Pasados unos días fui a visitar a mi amiga en su casa. Platicábamos amenamente en la sala, cuando vinieron a pedirle que atendiera una llamada telefónica (no había celulares todavía). Me había quedado solo, cuando vi entrar al recibo a ese hombre alto y moreno, de caminar ágil, sonrisa contenida y mirada bondadosa que era su padre. Sorprendido, me incorporé cual resorte para –atento– saludarle.

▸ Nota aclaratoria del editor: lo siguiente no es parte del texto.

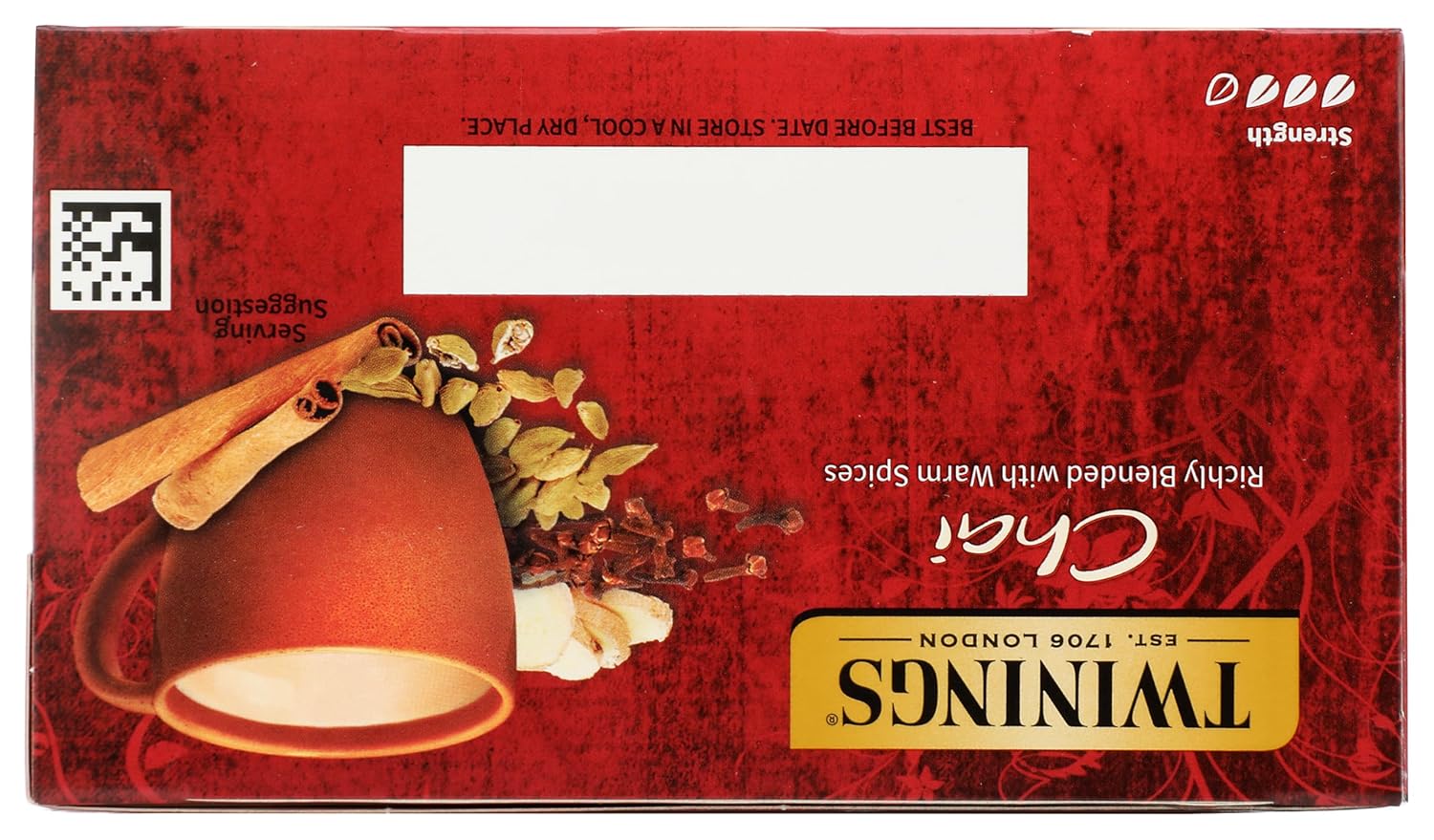 Twinings Chai Black Tea Individually Wrapped Bags, Sweet, Savoury Spices, Caffeinated, Enjoy Hot or Iced - 50 Count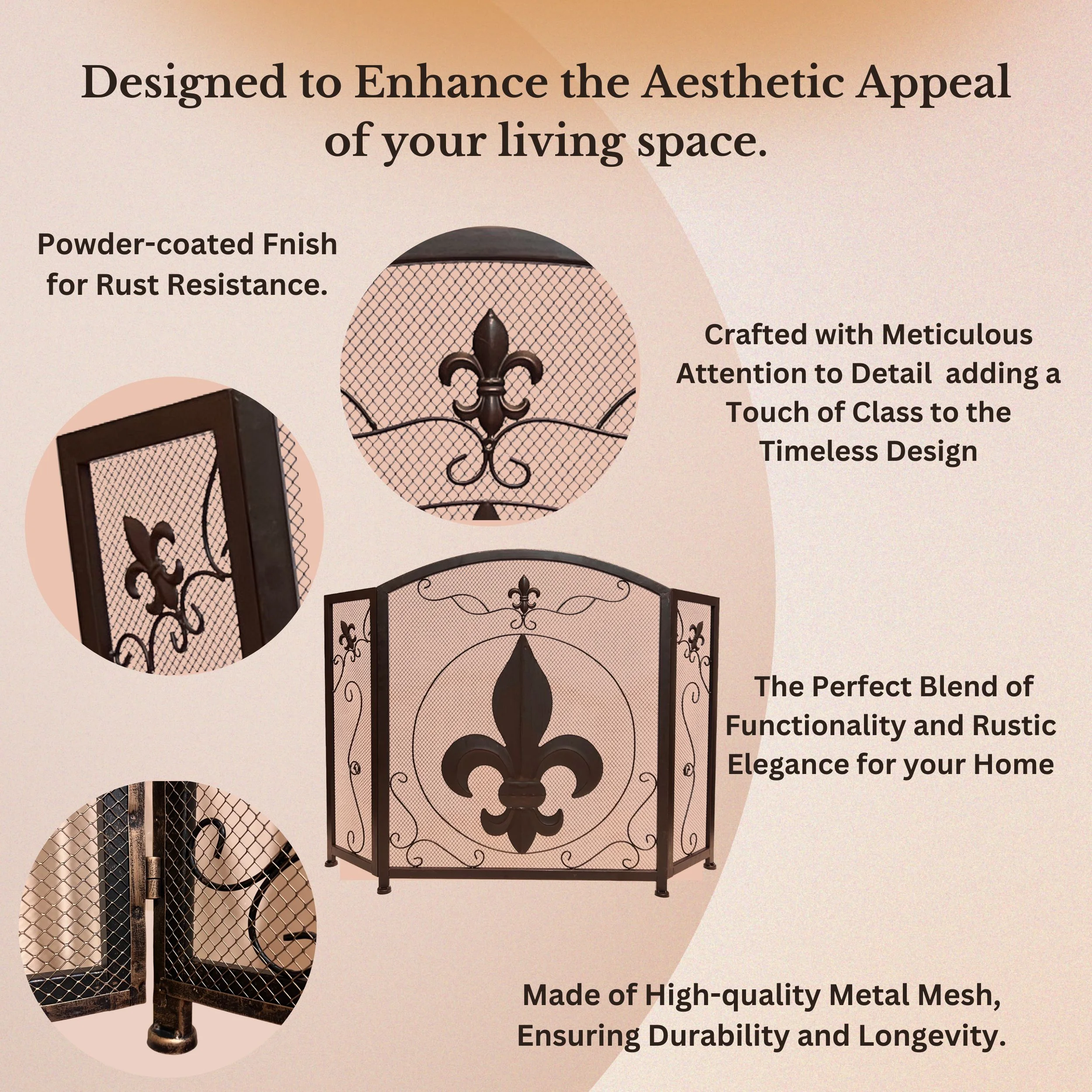 3-panel Foldable Fireplace Screen with Fleur De Lis Design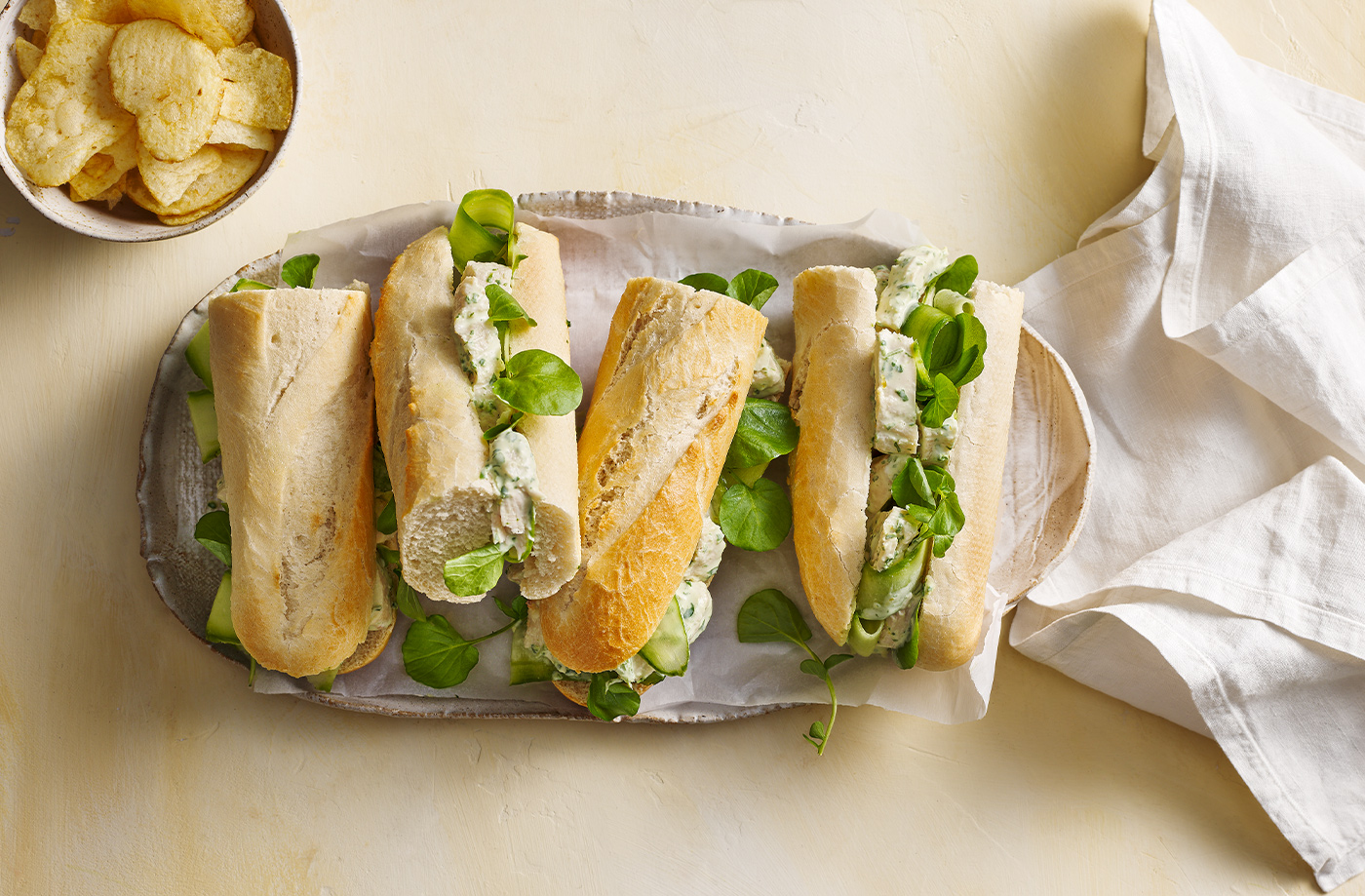 Chicken and watercress baguettes recipe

Musité mi nombre y apellido para presentarme, y él en forma algo distendida respondió: “Ah, ¿no es usted, acaso, ese piloto que dizque anda haciendo ruido sobre mi casa?”… Estaba por empezar a sonrojarme, cuando me tranquilizó: “No se disculpe –me dijo–, mis hijos ya me han hablado de usted, parece que ya tiene ‘hinchada’ en esta casa”…

 

Jaime del Castillo fue burgomaestre entre 1967 y 1970, sucedió a Pallares Zaldumbide y fue reemplazado por Durán Ballén; los quiteños lo recuerdan por una ordenanza que disponía el uso de pintura para enjalbegar de blanco sus casas –con las puertas y ventanas coloreadas con azul añil, al estilo griego–. Había estudiado en varias escuelas antes de pasar al colegio Mejía (interrumpió sus estudios en el 41 para ir a la frontera). Más tarde, continuaría su preparación académica en la facultad de jurisprudencia de la Universidad Central.

 

Este querido hombre público se inició en la empresa petrolera Shell donde ocupó los puestos más humildes hasta integrar el departamento jurídico. Fue un muy activo dirigente sindical y deportivo (fue cofundador de AFNA). Había crecido a la sombra de otro gran ecuatoriano, Eduardo Salazar Gómez, de quien fue su hombre de confianza y apoderado general. También fue un respetado empresario (fue gerente de Tesalia, la embotelladora del agua mineral Güitig) y ejerció otras importantes funciones, como la Consejería de Estado y el Ministerio de Gobierno –esta en el cuarto velasquismo, cuando solo tenía 34 años de edad–.